Tuesday, March 11, 2014

In this modern age we like to believe that along with technology we have invented new theological ideas. The realities are that most of the same "modern" issues of society were thought about and deeply discussed centuries ago.  I read about what St. Bonaventure wrote and it seams progressive or "new age". He lived from 1221 to 1274.

According to medieval scholar St. Bonaventure we perceive with three eyes: Eye of Flesh, Eye of Mind, and Eye of Contemplation

St. Bonaventure, the great Doctor Seraphicus of the Church and a favorite philosopher of Western mystics, taught that men and women have at least three modes of attaining knowledge—"three eyes," as he put it (following Hugh of St. Victor, another famous mystic): the eye of flesh, by which we perceive the external world of space, time, and objects; the eye of reason, by which we attain a knowledge of philosophy, logic, and the mind itself; and the eye of contemplation, by which we rise to a knowledge of transcendent realities.

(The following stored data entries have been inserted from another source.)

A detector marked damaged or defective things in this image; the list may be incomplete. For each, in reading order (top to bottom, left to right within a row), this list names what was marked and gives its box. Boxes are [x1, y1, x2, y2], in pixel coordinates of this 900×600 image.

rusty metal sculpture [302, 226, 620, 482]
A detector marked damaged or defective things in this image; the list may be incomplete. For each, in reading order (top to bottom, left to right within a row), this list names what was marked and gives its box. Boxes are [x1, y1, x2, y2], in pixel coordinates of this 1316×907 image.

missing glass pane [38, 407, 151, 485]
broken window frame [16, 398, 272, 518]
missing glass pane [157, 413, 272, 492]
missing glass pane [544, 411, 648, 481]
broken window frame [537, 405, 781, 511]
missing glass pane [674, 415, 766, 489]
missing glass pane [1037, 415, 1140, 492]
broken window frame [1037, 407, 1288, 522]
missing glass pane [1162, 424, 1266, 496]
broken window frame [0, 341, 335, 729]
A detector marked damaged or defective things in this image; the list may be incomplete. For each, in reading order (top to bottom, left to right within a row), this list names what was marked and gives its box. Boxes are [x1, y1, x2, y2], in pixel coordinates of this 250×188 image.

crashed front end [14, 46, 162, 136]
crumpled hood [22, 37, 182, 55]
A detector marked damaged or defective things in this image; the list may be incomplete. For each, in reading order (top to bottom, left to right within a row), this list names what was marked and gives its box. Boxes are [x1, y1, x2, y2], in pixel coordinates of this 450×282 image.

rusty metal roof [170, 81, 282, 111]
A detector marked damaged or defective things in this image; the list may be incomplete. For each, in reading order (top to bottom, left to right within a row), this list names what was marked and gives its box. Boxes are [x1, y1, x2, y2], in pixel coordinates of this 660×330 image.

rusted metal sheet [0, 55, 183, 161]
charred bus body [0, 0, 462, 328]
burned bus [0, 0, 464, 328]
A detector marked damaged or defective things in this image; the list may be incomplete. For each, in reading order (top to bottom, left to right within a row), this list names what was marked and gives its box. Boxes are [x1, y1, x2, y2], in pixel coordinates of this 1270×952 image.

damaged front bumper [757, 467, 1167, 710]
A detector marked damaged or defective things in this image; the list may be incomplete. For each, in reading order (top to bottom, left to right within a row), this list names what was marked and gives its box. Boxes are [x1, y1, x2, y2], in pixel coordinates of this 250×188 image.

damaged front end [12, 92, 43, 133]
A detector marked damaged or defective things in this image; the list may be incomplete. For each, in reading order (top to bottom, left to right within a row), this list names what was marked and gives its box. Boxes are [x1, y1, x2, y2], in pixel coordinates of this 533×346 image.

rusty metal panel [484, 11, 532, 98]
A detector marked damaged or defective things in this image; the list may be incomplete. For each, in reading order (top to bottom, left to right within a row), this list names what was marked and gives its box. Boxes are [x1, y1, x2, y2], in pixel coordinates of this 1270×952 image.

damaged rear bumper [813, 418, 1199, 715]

The mind in contemplating God has three distinct aspects, stages or grades—the senses, giving empirical knowledge of what is without and discerning the traces (vestigia) of the divine in the world; the reason, which examines the soul itself, the image of the divine Being; and lastly, pure intellect (intelligentia), which, in a transcendent act, grasps the Being of the divine cause.

All my eyes are turned to God this lent season.